(私は現在、何の因果からか、「リアル情報」と「超自然情報」の両面から、近未来の世界大戦を予測する作業に没頭しています。その結果、まず極東と中東で局地戦が始まり、それが次第に米ロの代理戦争と化していって、最終的に世界大戦へと繋がっていくのではないかと心配しています。しかも、日本の運命に関してある信じ難い予測が浮上し、ひどく懸念しております。このサイトを立ち上げたのは、一つにはそのことを広く訴えかけるためです。

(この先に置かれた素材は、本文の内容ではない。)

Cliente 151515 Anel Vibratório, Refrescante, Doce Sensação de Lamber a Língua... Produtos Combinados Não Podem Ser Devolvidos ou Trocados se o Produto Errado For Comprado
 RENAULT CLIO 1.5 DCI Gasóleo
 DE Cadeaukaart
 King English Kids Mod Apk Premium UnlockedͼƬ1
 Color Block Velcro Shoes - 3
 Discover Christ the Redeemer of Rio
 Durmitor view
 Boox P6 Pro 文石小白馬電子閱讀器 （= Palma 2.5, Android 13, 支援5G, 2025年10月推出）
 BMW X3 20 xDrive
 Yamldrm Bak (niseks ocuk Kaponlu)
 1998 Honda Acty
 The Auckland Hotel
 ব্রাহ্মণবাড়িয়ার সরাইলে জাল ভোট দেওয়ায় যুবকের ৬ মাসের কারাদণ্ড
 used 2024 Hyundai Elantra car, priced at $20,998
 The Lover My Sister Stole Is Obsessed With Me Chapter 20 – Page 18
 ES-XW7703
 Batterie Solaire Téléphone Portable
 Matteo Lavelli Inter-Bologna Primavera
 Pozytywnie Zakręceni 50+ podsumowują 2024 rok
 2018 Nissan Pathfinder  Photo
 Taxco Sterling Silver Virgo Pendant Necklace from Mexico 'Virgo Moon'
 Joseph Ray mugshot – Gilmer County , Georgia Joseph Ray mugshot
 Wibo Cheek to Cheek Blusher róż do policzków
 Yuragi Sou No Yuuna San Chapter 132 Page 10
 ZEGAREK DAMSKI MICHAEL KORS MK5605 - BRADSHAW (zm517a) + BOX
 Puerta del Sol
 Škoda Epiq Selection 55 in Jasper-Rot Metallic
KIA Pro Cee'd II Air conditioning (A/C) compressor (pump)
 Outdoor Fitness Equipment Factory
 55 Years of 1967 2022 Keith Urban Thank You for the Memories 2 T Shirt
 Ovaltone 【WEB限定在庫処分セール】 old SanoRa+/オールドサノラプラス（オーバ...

結論から言うと、誰も信じないような悲惨な運命です。私はそれを回避する方法も考えましたが、たとえそれが有効な対策であっても、政治的・現実的に可能かどうかは、まったくの別問題です。実際、私の考える対策は、人々の支持を1%も得られないような中身です。よって今のところ、その悲惨な運命は実現してしまうのではないかと、胸が潰れる想いでいます。最近の一連の記事はその極東情勢に関する「リアル情報」です。「超自然情報」については「新世界より」のほうで触れていく予定です)
2016年2月に朝鮮半島情勢が根本から変化した理由
さて、本題。前回触れたように、北朝鮮の核・ミサイル開発の成果は、地下の交流を通じて、世界中の反米国家や組織に拡散していく可能性がある。その一つとして有力視されるのが、すでに弾道ミサイルの取引実績のあるイランだ。それゆえイスラエルは自国の安全保障上、事実上イランの代理としてそれらの大量破壊兵器を開発しているに等しい北朝鮮の現体制を崩壊させる必要があると考えている。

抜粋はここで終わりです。